Vous êtes dans une manifestation. Disons une manifestation pour un réinvestissement massif en éducation. C’est votre droit fondamental : prendre la rue, faire du bruit. Les libertés d’expression, de rassemblement et de manifestation font partie des bases des sociétés qui se disent démocratiques. On nous assure que grâce à ces libertés, qui font contrepoids aux autorités, nous vivons dans un pays libre. Vous êtes donc en train de manifester, et fier∙ère de le faire, quand un policier dans un haut-parleur déclare la manifestation illégale. Vous ne savez pas pourquoi. Peut-être que quelqu’un a fait exploser un feu d’artifice non loin, ou brisé une vitre. Ou peut-être que les flics trouvent juste suspectes quelques personnes masquées.
Quoi qu’il en soit, vous êtes maintenant dans une manifestation illégale. C’est différent. Quelque chose d’immense a changé. Vous essayez de quitter la foule, luttant pour faire votre chemin contre des mouvements de masse, pour finalement vous retrouver devant une ligne d’antiémeutes. Vous vous faites frapper. Vous êtes maintenant un∙e criminel∙le. Quelqu’un qu’on a le droit de frapper. Fort. Avec des matraques. Quelqu’un qu’on peut gazer. Quelqu’un à qui on peut causer une commotion cérébrale. Quelqu’un qu’on peut tirer à bout portant avec des armes « moins que létales » qui vous cassent la mâchoire ou vous crèvent un œil.

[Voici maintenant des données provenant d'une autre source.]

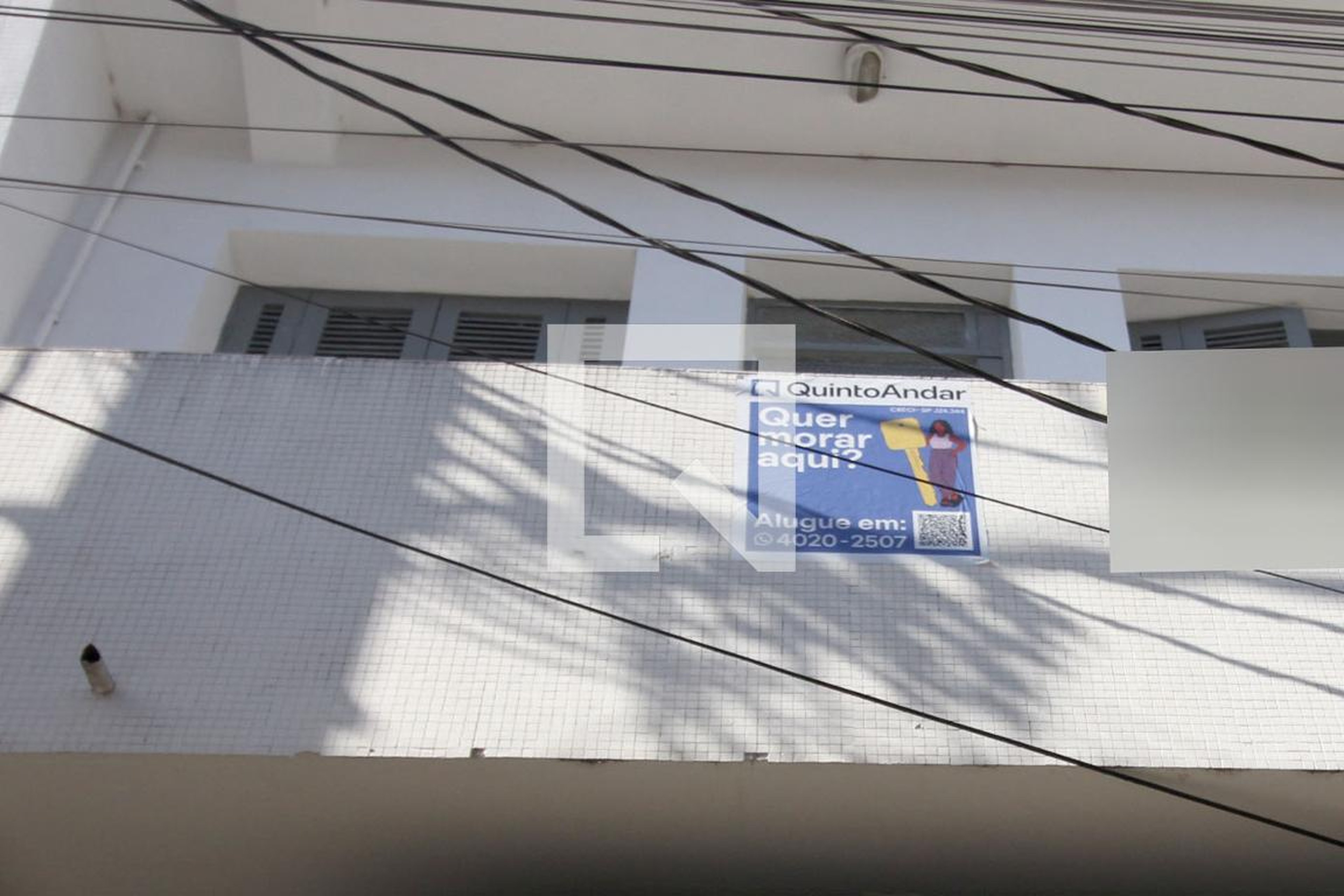 Fachada Condomínio em Rua da Penha, 237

Peut-être réalisez-vous à ce moment que ce qui vous a fait passer de l’autre côté du miroir, ce qui vous a métamorphosé∙e en une seconde de citoyen∙ne exerçant ses droits fondamentaux protégés à criminel∙le que des hommes armés peuvent violenter impunément, n’a rien à voir avec vos actes. Vous n’avez rien commis. Ce qui a provoqué le retournement de statut, ce sont les paroles d’un policier dans un haut-parleur.
Quand on révoque en masse des visas, ou qu’on déclare qu’il y a une invasion à la frontière, on fait la même chose. On transforme des gens ordinaires qui vont travailler au Home Depot en personnes qu’on peut kidnapper et entasser dans des salles quelconques sans installations sanitaires, sans lits, sans eau. Quand un président déclare que toute personne qui s’oppose ouvertement au génocide en Palestine est en fait à la solde d’un groupe terroriste, on transforme des étudiant∙es en criminel∙les à qui on peut faire la même chose, voire les envoyer dans des camps de concentration modernes. Quand on interdit l’avortement, on transforme d’innombrables femmes et personnes queers en potentielles criminelles qu’il faut surveiller. Quand on déclare qu’on va nettoyer Washington, on déshumanise les personnes sans-abri et on justifie d’avance la violence qu’on va leur infliger.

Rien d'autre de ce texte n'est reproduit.